Davvero Apple ha perso il suo tocco?
Il fallimento di Apple Vision Pro, Apple Intelligence poco a fuoco e il pistolotto di Zuckerberg. Segni di un cedimento o si continua a fraintendere come Apple vede il mercato?
Sto scrivendo su un MacBook Pro M3, ultimo acquisto di un percorso iniziato, per quanto mi riguarda, nel 1987 con un Apple //c. Sono oltre il fanboy, potrei essere definito quasi un integralista. Ed è forse proprio questo mio punto di vista, parzialissimo e assolutamente di parte, che potrebbe aiutarmi ad inquadrare meglio di altri la situazione creativa e strategica di Apple di questi ultimi cinque anni. Parliamone.
Cominciamo dalla recente conversazione che Zuckerberg ha avuto nel Joe Rogan Podcast. Il fondatore di Facebook condivide il suo punto di vista sulla relazione tra Apple e l’innovazione.

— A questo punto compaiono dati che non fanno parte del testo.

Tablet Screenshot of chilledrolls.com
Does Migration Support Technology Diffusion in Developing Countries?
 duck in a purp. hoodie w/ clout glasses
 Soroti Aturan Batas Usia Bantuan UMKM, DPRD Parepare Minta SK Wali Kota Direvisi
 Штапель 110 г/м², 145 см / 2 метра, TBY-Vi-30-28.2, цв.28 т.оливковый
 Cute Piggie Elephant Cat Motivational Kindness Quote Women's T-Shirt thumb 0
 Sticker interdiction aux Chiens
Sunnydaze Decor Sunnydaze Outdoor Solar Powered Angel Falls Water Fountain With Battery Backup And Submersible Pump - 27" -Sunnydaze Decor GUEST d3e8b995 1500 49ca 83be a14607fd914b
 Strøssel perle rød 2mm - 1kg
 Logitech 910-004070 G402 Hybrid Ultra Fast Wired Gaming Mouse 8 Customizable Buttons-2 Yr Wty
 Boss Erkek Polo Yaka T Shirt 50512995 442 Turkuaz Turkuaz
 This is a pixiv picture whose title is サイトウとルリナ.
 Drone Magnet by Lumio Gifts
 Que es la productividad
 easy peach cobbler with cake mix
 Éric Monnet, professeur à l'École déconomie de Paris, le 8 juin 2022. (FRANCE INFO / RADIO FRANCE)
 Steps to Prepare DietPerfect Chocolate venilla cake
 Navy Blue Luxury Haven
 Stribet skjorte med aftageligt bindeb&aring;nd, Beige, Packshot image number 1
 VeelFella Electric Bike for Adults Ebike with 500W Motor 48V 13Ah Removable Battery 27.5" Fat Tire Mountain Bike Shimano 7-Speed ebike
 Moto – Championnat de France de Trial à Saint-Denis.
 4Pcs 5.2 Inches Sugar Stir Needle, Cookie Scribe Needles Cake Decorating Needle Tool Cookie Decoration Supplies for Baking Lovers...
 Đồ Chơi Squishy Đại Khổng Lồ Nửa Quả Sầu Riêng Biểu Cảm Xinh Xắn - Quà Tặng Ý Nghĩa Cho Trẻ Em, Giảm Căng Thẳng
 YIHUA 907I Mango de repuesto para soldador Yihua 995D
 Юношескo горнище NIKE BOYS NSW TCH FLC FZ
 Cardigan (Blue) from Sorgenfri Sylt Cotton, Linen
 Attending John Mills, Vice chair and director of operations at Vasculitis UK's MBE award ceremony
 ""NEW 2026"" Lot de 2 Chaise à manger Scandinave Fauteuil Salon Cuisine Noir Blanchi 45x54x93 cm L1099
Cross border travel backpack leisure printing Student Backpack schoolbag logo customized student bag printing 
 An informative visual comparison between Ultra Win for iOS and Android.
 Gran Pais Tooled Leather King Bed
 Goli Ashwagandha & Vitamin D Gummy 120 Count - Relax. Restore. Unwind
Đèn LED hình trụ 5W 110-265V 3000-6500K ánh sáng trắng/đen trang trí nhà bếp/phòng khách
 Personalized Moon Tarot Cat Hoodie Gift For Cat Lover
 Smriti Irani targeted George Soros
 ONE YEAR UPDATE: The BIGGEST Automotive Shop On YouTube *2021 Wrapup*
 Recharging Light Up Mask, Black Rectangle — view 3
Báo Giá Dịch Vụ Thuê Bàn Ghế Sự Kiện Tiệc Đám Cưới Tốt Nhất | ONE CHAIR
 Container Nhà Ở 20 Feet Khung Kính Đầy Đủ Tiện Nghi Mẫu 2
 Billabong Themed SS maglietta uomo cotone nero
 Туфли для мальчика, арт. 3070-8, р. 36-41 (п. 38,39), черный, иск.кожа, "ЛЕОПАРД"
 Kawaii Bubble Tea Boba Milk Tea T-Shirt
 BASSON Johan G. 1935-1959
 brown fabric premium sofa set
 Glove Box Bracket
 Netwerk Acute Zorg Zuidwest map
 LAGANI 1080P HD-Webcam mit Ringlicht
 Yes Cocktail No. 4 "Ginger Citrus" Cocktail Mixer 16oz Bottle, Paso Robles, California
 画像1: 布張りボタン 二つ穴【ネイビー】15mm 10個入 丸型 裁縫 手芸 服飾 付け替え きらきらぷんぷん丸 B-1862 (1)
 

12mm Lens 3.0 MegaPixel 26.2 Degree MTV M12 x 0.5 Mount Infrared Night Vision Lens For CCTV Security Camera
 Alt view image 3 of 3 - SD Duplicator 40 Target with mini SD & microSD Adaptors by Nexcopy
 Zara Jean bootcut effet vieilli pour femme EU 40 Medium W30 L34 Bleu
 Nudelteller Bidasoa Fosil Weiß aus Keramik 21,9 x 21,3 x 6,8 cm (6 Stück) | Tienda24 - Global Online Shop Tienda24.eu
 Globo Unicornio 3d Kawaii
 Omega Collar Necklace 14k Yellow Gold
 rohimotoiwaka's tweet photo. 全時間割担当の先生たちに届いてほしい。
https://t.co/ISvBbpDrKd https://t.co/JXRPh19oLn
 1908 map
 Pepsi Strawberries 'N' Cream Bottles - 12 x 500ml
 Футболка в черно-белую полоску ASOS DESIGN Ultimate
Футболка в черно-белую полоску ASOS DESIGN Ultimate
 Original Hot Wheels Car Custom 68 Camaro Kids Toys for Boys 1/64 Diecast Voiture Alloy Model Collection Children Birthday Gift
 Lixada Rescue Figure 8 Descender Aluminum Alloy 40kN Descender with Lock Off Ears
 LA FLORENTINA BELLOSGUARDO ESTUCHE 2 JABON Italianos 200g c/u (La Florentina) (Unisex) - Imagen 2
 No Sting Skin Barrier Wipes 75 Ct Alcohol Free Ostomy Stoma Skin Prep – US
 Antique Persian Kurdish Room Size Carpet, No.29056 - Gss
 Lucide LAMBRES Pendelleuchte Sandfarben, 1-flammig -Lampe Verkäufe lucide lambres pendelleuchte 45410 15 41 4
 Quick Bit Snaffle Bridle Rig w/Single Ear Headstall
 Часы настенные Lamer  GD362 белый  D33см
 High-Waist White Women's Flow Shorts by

A parte che, vabbè … Joe Rogan, ma tra le varie cose Zuck sostiene che Apple abbia perso il suo “tocco” e si stia sedendo da quasi vent’anni sulla sua ultima invenzione: iPhone. E che ogni volta che in questi anni ha provato ad esplorare nuove strade non gli sia andata benissimo. Cita, come esempio, il visore VR/AR Apple Vision Pro. È difficile difendere quest’ultimo prodotto di Apple, specialmente quando la stessa azienda che lo realizza sembrerebbe averne cessato la produzione (almeno della versione attuale).
Ora, è chiaro che il CEO di Meta stia tirando parecchia acqua al suo mulino, visto che produce Meta Quest 3, il diretto competitor del dispositivo Apple, ma vale la pena di sfruttare questo assist per approfondire un po’.
È mai esistito un “tocco” Apple?
In breve: si. Ma non ha molto a che fare con l’innovazione, piuttosto con un’altra parola: “integrazione”. Ci sono molto esempi, prendiamo il più famoso: si sottolinea spesso come l’interfaccia di Macintosh sia stata copiata dallo Xerox Alto. Ma questa è solo una parte della storia. È vero che Steve Jobs e altri dipendenti Apple fecero visita alla sede di Xerox nel 1979 e rimasero folgorati dall’interfaccia ad icone di “Alto”.
È anche vero, però, che gli ingegneri e sviluppatori Apple trasformarono quegli spunti in qualcosa di molto più coeso, coerente e in grado di girare su hardware con un target price sostenibile dal mercato. Integrarono, cioè, quelle idee in un’esperienza utente più estesa ed efficace.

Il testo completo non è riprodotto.